A própria Dilma falou sobre isso na entrevista que deu à rede RBS ontem (15), em Porto Alegre. "Andei por este país afora sozinha quantas vezes? O pessoal está inventando. Ser governo e decidir todo dia é muito difícil. Eu cuidei do PAC (Programa de Aceleração do Crescimento), de R$ 636 bilhões, da execução, tinha de discutir isso do Oiapoque ao Chuí. O presidente ia para um lado e eu, para o outro", afirmou a ministra.

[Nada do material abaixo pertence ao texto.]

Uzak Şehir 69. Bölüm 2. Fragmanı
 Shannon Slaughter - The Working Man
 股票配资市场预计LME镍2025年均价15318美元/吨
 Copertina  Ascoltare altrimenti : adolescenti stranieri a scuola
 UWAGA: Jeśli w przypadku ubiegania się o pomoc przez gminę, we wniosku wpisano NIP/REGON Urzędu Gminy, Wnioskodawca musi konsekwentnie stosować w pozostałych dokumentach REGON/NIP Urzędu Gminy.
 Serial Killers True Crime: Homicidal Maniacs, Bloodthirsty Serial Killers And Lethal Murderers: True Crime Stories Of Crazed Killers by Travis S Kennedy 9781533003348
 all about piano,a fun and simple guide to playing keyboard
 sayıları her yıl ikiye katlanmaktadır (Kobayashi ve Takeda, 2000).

Mesmo com toda campanha midiática que tenta inventar dificuldades para a campanha de Dilma, alguns analistas mais atentos conseguem se desviar da avalanche de desinformação. Neste sentido, vale destacar a opinião do cientista político Fernando Abrucio, da FGV. Segundo ele, é preciso saber lidar com histórias infladas pela oposição. Para Abrucio, Dilma não chegou, até agora, a produzir grandes problemas para sua pré-campanha: "Ela está aprendendo a fazer campanha antes de a campanha começar. Ela pode errar mais agora, não no segundo semestre. Mas se ela será o Kassab do Lula, ninguém sabe ainda", avalia o cientista, lembrando do prefeito de São Paulo, Gilberto Kassab, que conseguiu se reeleger apesar da inexperiência e mesmo depois de um dramático rompimento com o PSDB de Alckmin e de alguns tropeços no cargo, como chamar de "vagabundo" um autônomo que protestava numa unidade de saúde.